March 22, 2013 Time Capsule 4 Comments

I wrote weekly editorials for a boutique industry newsletter for several years, anxious for both audience and income. I learned a lot about coming up with ideas for the weekly grind, trying to be simultaneously opinionated and entertaining in a few hundred words, and not sleeping much because I was working all the time. They’re fun to read as a look back at what was important then (and often still important now).

I wrote this piece in July 2008.

Why IT-Led Change Projects are a Bad Idea: We Aren’t Charming Enough to Convince or Scary Enough to Threaten
By Mr. HIStalk

I was e-mailing a colleague the other day and spouted off an off-the-cuff remark that I kind of like in retrospect (that’s not just vanity talking because sometimes I say something really stupid and I realize it right away.) It was this:

“Executives buy IT because they want to crack the whip but aren’t willing to, so they use IT to force conformance without confrontation.”

I’ve been the poor IT guy who became the lightning rod for some executive’s grand plan for change. The IT project was where the rubber met the road, so we became the bearer of bad news for the masses: “You have to change your ways — your boss told me to tell you.”

(Please excuse those arrows sticking out of my back. We IT messengers get a lot of those, so they don’t really bother us all that much.)

For that and other reasons, I don’t even like the idea of calling anything an “IT project” unless it involves user-invisible infrastructure. “Buying IT” really means “demanding change,” so the expected result isn’t a “go-live” — it’s a “be-different.” Only a little of that involves computer stuff.

Anointing IT people as change agents is like enlisting the CFO to redesign care (i.e., asking for trouble). Computer-loving pessimistic perfectionists don’t make good charismatic visionaries who can get people to fall in line behind a radical change like a Pied Piper. Three seconds after the wary masses start complaining and rolling their eyes, we’re commiserating with them and casting conspiratorial glances as we say quietly, “I don’t think it will work either, but that’s what I was told to do.” That’s realistic, but not so inspirational (it’s not surprising that CIOs rarely seek political office).

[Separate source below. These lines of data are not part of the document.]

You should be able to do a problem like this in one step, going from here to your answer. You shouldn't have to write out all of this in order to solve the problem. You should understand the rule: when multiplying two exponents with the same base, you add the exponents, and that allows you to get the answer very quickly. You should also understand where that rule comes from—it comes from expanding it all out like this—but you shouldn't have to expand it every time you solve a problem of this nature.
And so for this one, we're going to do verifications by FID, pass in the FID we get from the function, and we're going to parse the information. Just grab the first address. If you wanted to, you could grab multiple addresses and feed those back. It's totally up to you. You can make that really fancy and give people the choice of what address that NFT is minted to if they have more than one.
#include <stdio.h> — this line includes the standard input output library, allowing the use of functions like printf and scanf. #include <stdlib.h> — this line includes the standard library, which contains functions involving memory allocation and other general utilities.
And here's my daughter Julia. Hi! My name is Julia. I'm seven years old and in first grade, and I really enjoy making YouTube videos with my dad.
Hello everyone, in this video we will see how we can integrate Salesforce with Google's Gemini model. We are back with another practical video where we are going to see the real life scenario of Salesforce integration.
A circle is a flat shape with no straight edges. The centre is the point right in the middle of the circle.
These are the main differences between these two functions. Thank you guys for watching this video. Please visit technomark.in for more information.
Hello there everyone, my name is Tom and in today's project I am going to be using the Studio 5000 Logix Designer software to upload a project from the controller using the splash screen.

The IT department doesn’t carry a lot of weight. We’re always overloaded with somebody’s great ideas from last year that still aren’t finished. We zeroes-and-ones types have minimal user credibility (insert obligatory user help desk scorn here). Most importantly, we carry no explicit or implicit authority outside of our own little domain, so we can’t impose our will on mutineers. We aren’t charming enough to convince or scary enough to threaten.

I think of IT as a subspecialty of change, right up there with communications, metrics, and process design. There’s no shame in doing any of those subspecialties well without actually running the show, even when the most visible part of a project is a computer.

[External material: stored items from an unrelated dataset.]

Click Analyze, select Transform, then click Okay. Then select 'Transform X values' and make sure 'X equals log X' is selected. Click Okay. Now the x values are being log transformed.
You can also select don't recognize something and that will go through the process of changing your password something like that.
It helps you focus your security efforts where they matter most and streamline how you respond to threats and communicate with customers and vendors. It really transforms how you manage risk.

This is so obvious that I’m hesitant to risk my shaky reputation by even saying it out loud, but here we go. Projects with user visibility are change projects, not IT projects. Change projects should have real objectives, not just IT objectives. Attaining real objectives requires the leadership of people who have influence and skin in the game, not IT people whose expertise involves the tools. Ergo, IT should always be supporting cast, not limelight-hogging stars.

When it comes to big change projects that happen to involve the computer, the worst idea in the world is letting the IT department run the show. It’s no accident that big projects at Kaiser and Allina were run by project teams that were completely separate from IT and staffed by people with operational expertise and credibility instead of IT managers and technicians. They recognized that their project wasn’t CPOE, it was changing the behavior of clinicians. Not coincidentally, those projects succeeded where IT-led ones elsewhere went down in flames.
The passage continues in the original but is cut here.